Der Ausbruch des Kriegs in der Ukraine und die in der Folge verhängten Sanktionen gegen Russland sorgten für komplizierte Situationen für alle Vereine, die noch laufende Vereinbarungen mit russischen Teams hatten. Zu diesen Clubs gehört auch der FC Basel, was aus den Recherchen von Follow the Money und der Basler Zeitung hervorgeht.
Die Basler verpflichtete am 31. Januar 2022 den russischen Stürmer Fedor Chalov von ZSKA Moskau leihweise. Der damals vierfache russische Nationalspieler absolvierte 16 Einsätze für den FCB, dabei gelangen ihm vier Tore. Es war sportlich zu wenig überzeugend, als dass der die Basler sich um eine längerfristige Übernahme des Stürmers bemüht hätten. Die grössere Herausforderung für die Bebbi sollte allerdings die Begleichung der Leihgebühr von 450'000 Euro werden.
Die eigentlichen Schwierigkeiten begannen mit dem russischen Angriffskrieg auf die Ukraine am 24. Februar 2022. Der FCB sah sich plötzlich mit den Schweizer Sanktionen gegen Russland konfrontiert.
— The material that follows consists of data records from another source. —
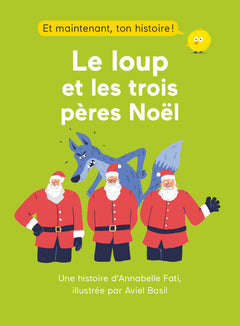Le loup et les trois pères Noël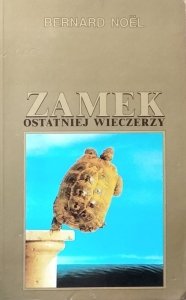 Bernard Noel • Zamek ostatniej wieczerzy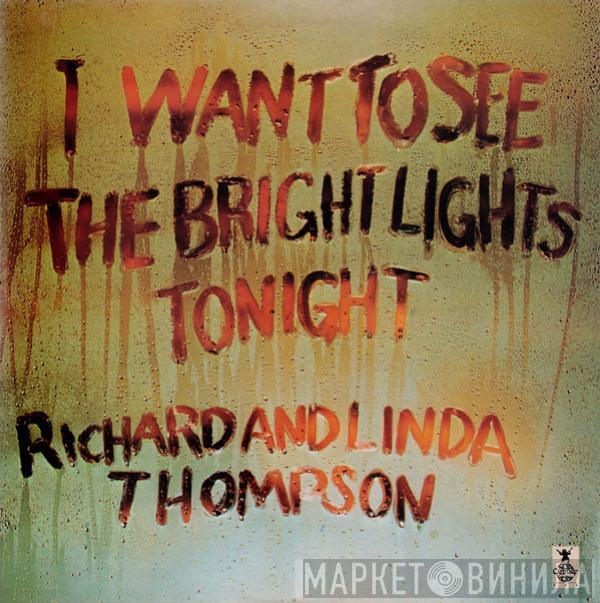  Richard & Linda Thompson  - I Want To See The Bright Lights Tonight
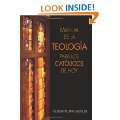 Manual de la teologia para los catolicos de hoy (Spanish Edition 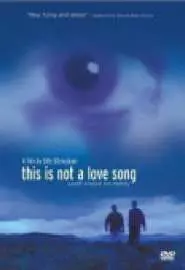 This Is ot a Love Song - постер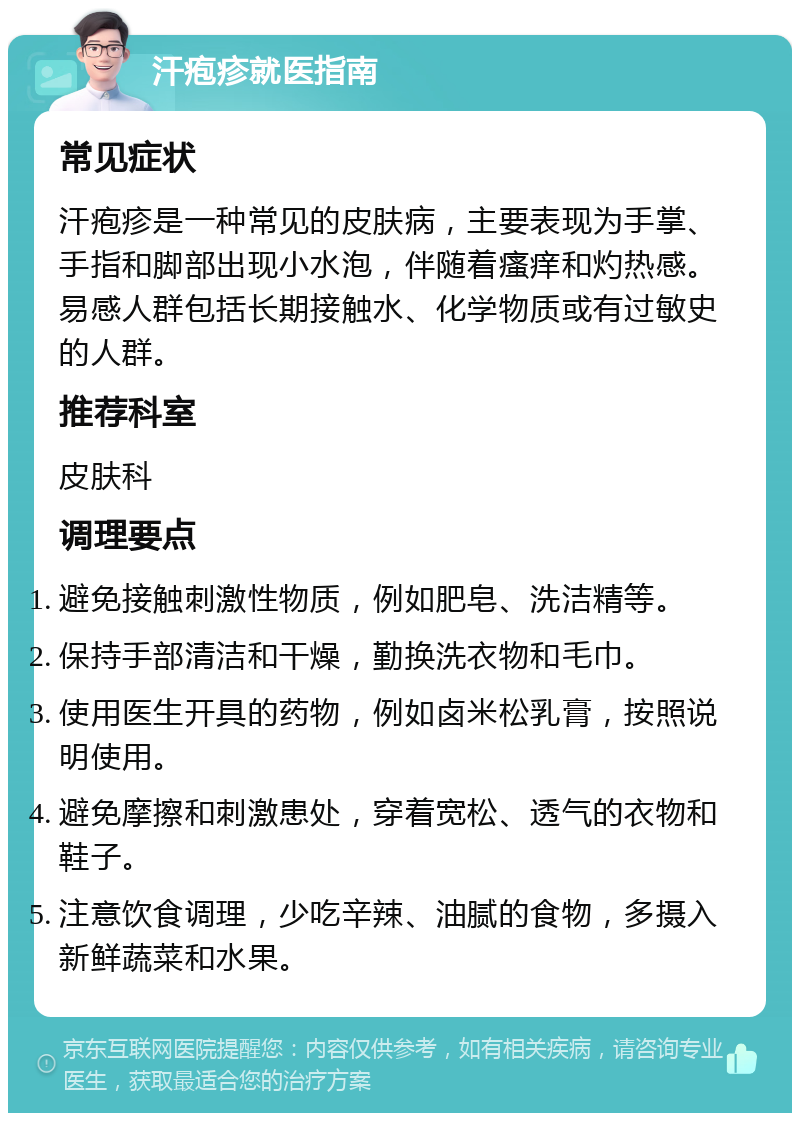 汗疱疹就医指南 常见症状 汗疱疹是一种常见的皮肤病，主要表现为手掌、手指和脚部出现小水泡，伴随着瘙痒和灼热感。易感人群包括长期接触水、化学物质或有过敏史的人群。 推荐科室 皮肤科 调理要点 避免接触刺激性物质，例如肥皂、洗洁精等。 保持手部清洁和干燥，勤换洗衣物和毛巾。 使用医生开具的药物，例如卤米松乳膏，按照说明使用。 避免摩擦和刺激患处，穿着宽松、透气的衣物和鞋子。 注意饮食调理，少吃辛辣、油腻的食物，多摄入新鲜蔬菜和水果。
Die erste Tranche der Leihgebühr in Höhe von 250'000 Euro wurde noch vor Kriegsbeginn überwiesen. Die zweite Zahlung von 200'000 Euro, fällig am 30. Juni 2022, konnte aufgrund der Sanktionen nicht direkt an ZSKA Moskau geleistet werden, denn der Club gehört der russischen Staatsbank VEB.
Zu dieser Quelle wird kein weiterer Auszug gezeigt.